Extracted data entries

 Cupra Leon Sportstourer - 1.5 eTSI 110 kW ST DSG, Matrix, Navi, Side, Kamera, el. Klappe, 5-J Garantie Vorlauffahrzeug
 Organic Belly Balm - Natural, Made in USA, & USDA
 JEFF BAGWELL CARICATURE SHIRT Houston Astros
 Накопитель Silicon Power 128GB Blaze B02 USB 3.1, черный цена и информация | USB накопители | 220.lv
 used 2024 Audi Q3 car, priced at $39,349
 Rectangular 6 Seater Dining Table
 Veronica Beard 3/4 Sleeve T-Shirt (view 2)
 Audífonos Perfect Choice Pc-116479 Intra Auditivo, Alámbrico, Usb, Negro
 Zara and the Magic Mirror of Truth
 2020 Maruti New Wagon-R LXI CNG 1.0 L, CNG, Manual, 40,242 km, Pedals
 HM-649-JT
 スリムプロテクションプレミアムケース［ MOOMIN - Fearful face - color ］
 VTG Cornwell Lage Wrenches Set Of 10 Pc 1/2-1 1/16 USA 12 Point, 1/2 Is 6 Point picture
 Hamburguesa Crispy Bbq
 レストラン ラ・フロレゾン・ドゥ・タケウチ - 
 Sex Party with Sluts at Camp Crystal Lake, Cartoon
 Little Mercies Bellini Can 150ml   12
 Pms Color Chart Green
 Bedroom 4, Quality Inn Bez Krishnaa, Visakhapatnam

WHAT YOU ARE ASKED TO DO
Up to and including the line with "JEFF BAGWELL CARICATURE SHIRT Houston Astros", please return the records exactly, beginning from their first line.

RESULT FOR THIS TASK
 Cupra Leon Sportstourer - 1.5 eTSI 110 kW ST DSG, Matrix, Navi, Side, Kamera, el. Klappe, 5-J Garantie Vorlauffahrzeug
 Organic Belly Balm - Natural, Made in USA, & USDA
 JEFF BAGWELL CARICATURE SHIRT Houston Astros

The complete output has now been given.